When I was 12 years old, I wrote a screenplay called "Crooked Dreams" and sent it to MGM. The studio was unable to use it, but Roger Ahrens, the MGM executive who responded, told me to never stop writing. When I was 15, Miss Fronefeld sent a note home to my parents accusing me of plagiarizing a book report in her English class because she thought it was too well written for someone my age. That settled it. From that point on, I've never stopped. And I never will.
I began writing professionally at the age of 17 as a stringer for my hometown newspaper, and continued on-the-job training as a student journalist at Hofstra University. My first position after college was as an assistant editor on trade magazines. I then moved into marketing communications as an account executive, public relations manager and employee communications writer. As a journalist my work has appeared in Connecticut Magazine, Pittsburgh Magazine, New Jersey Monthly, Hartford Magazine, Dramatics Magazine, the New York Daily News and others. Several can be found on my website [JoeltheWriter.com].

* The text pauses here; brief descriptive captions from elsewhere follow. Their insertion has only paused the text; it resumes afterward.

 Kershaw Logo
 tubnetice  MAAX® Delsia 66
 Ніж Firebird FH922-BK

I am the author of the novel "Blowin’ in the Wind," as well as four nonfiction books, including "Smack in the Middle: My Turbulent Time Treating Heroin Addicts at Odyssey House (co-authored with Gibbs Williams, Ph.D.), "Grandpa Had a Long One: Personal Notes on the Life, Career & Legacy of Benny Bell," about my comic musician grandfather, and "Some Kind of Lonely Clown: The Music, Memory & Melancholy Lives of Karen Carpenter," which followed a report on Ms. Carpenter that I wrote and narrated for NPR’s "All Things Considered."
I also have a literary blog called "Hey, You Never Know," [hey-you-never-know.blogspot.com] that includes several additional essays and articles.

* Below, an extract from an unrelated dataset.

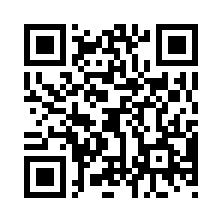 QR Code for 3Pimad5KxtRZqVneMsSiTamuyURcQ9DL2H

Ever since I was six years old, nearly everything I saw, overheard, learned in school or simply wondered about I turned—in my head at first—into books and plays and movies. I suppose that was my motivation to devote my career to writing. I don’t know why. That’s just the way it was. Whether or not I’m good at it may be somewhat subjective, but that I want to do it and work very hard at it is unassailable.